Quick Comparison
| Modafinil | NALT | |
|---|---|---|
| Half-Life | 12-15 hours | 2-3 hours |
| Typical Dosage | Standard: 100-200 mg once in the morning. For shift work: 200 mg 1 hour before the shift. Start with 100 mg to assess sensitivity. Do not take after noon due to the very long half-life. | Standard: 300-600 mg NALT 1-2 times daily. Alternatively, plain L-Tyrosine at 500-2000 mg daily (better studied but less water-soluble). Best taken on an empty stomach 30 minutes before a stressful task. |
| Administration | Oral (tablets). Well-absorbed with or without food, though food delays peak effects slightly. | Oral (capsules, powder). Take on an empty stomach for best absorption. |
| Research Papers | 8 papers | 10 papers |
| Categories |
Mechanism of Action
Modafinil
Modafinil's exact mechanism is not fully understood but involves multiple neurotransmitter systems. It inhibits the dopamine transporter (DAT) with moderate affinity, weakly increasing synaptic dopamine levels without causing vesicular depletion. Modafinil activates orexin/hypocretin neurons in the lateral hypothalamus—the brain's master wakefulness system—which project to histaminergic tuberomammillary nuclei, noradrenergic locus coeruleus, and cholinergic basal forebrain. This increases histamine release (promoting cortical arousal via H1 receptors), elevates norepinephrine in the prefrontal cortex (enhancing attention and executive function), and modulates serotonin (5-HT) transmission. Unlike amphetamines, it does not cause significant vesicular catecholamine release or reverse monoamine transporters, which explains its lower abuse potential and lack of typical stimulant crash.
NALT
NALT (N-acetyl L-tyrosine) is deacetylated by aryl acylamidase in the gut and liver to release L-Tyrosine. Tyrosine is hydroxylated to L-DOPA by tyrosine hydroxylase (TH) — the rate-limiting step in catecholamine synthesis, requiring tetrahydrobiopterin as cofactor. L-DOPA is decarboxylated by aromatic L-amino acid decarboxylase (AADC) to dopamine; dopamine is converted to norepinephrine by dopamine beta-hydroxylase (DBH), and norepinephrine to epinephrine by phenylethanolamine N-methyltransferase (PNMT).
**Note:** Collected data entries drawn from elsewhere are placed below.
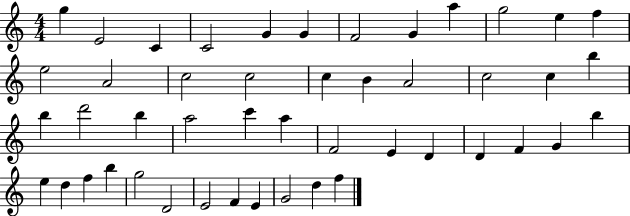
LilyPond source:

{
  \clef treble
  \numericTimeSignature
  \time 4/4
  \key c \major
  g''4 e'2 c'4 | c'2 g'4 g'4 | f'2 g'4 a''4 | g''2 e''4 f''4 | \break e''2 a'2 | c''2 c''2 | c''4 b'4 a'2 | c''2 c''4 b''4 | \break b''4 d'''2 b''4 | a''2 c'''4 a''4 | f'2 e'4 d'4 | d'4 f'4 g'4 b''4 | \break e''4 d''4 f''4 b''4 | g''2 d'2 | e'2 f'4 e'4 | g'2 d''4 f''4 | \break \bar "|."
}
Under stress or sleep deprivation, catecholamine stores in noradrenergic and dopaminergic neurons deplete rapidly. Supplemental tyrosine provides substrate to maintain synthesis when demand exceeds supply, supporting prefrontal cortex function and working memory.
Risks & Safety
Modafinil
Common
Headache, nausea, anxiety, insomnia, dry mouth, decreased appetite.
Serious
Stevens-Johnson syndrome (extremely rare but potentially fatal skin reaction — discontinue immediately if rash develops). May reduce effectiveness of hormonal contraceptives.
Rare
Chest pain, palpitations, psychotic episodes at very high doses.
NALT
Common
Mild nausea on empty stomach, headache, heartburn.
Serious
May trigger hypertensive crisis in people taking MAOIs. Avoid with thyroid disorders without medical guidance.
Rare
Insomnia, anxiety, heart palpitations at high doses.
Full Profiles
Modafinil →
A prescription wakefulness-promoting agent (eugeroic) that is widely used off-label as a cognitive enhancer. Modafinil provides 10-15 hours of sustained focus, alertness, and motivation without the jitteriness or crash of traditional stimulants. It is the most popular pharmaceutical nootropic among students, professionals, and shift workers. Schedule IV controlled substance in the US.
NALT →
N-Acetyl L-Tyrosine is a more water-soluble form of the amino acid L-Tyrosine, which is a precursor to dopamine, norepinephrine, and epinephrine. It is used to support cognitive performance under stress, sleep deprivation, and high-demand situations where catecholamine stores become depleted. Military and high-performance research has validated tyrosine's benefits under acute stress.